For diversity and excellent build in the low gain arena, the TC Spark Booster (full size) is incredible also, and I've used it as a volume/solo boost in the fx loop of 3 different amps, and now use it as my main OD on bass. It's dead quiet, has WIDE range in it's 2 tone controls PLUS a 3 click EQ option (clean/mid/fat), and has enormous volume on tap. At 9 o'clock it's past unity with 2/3 of the sweep still to go. It's a little smoother/less mean and grindy than the other 2 above.
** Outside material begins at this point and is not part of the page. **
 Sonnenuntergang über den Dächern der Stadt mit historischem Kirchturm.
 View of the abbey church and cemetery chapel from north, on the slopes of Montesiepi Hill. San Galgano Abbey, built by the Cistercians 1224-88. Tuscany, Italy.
Oh, and +11111100000000000 to a RAT + Hiwatt. When I had my '81 50 watter, opened up a bit, and with the RAT, that was one of my favourite sounds I ever made. I like mean and that was F*KING ANGRY MEAN


----------



## carrionrogue (Sep 9, 2016)

keto said:


> My goal is to take a mid-high gain amp and tighten it up and make it sound MEANER. The simple cheap Boss SD-1 continues to rule the roost, for my tastes. I also really liked the Maxon OD808 for that application.


+1 for the maxon OD808 in those applications. I used to tighten up a mesa triple with a maxon, brought out some nice harmonic content as well. This also worked really well on my JCM800 and orange dual terror. Similar results were achieved with an OCD also.


----------